Strangely enough, beds and tables and chairs, and the houses they furnish, look basically the same as those used by Louis XIV. Bread loaves and wine look the same too, and so do fishes. Another thing that hasn’t changed much from the beginning of time is the fertility of our collective imagination. At one time we imagined cherubs floating on clouds and magical beings who control the world and every single life within it. Entire industries sprung around that innovation, industries whose thought-leaders ruled the world in the name and on behalf of our imaginary hopes and mostly fears. For a while there, we decided that imagination is a personal thing and it should be separated from the mundane tangibles of our earthly affairs. That didn’t last long.

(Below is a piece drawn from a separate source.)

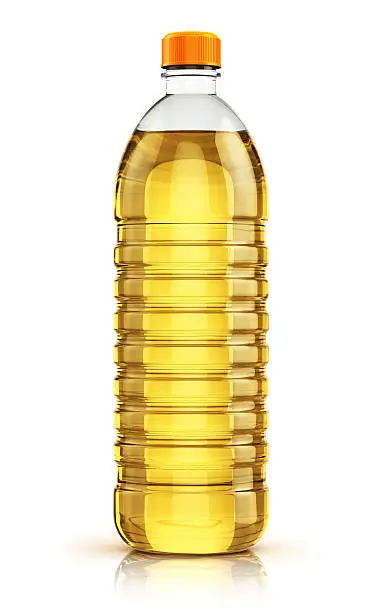 Photo of Plastic bottle of vegetable cooking oil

What separates us from the hapless creatures we are now killing by the bushel is the capacity and need to believe in something greater than ourselves, something that transcends our mortality and provides us with a purpose external to our own existence. First it was the certain belief in an omnipotent, and incomprehensible to mere mortals, intelligent design of the world we live in. Now it is the arrogant belief in our ability to create our future creator, an artificial intelligence to supersede our own, and to shape the world in ways beyond the wildest dreams of avarice and the trembling terrors of perdition’s flames. The age old puzzle of whether God can make a rock so big and heavy that even He cannot lift it, seems about to be resolved.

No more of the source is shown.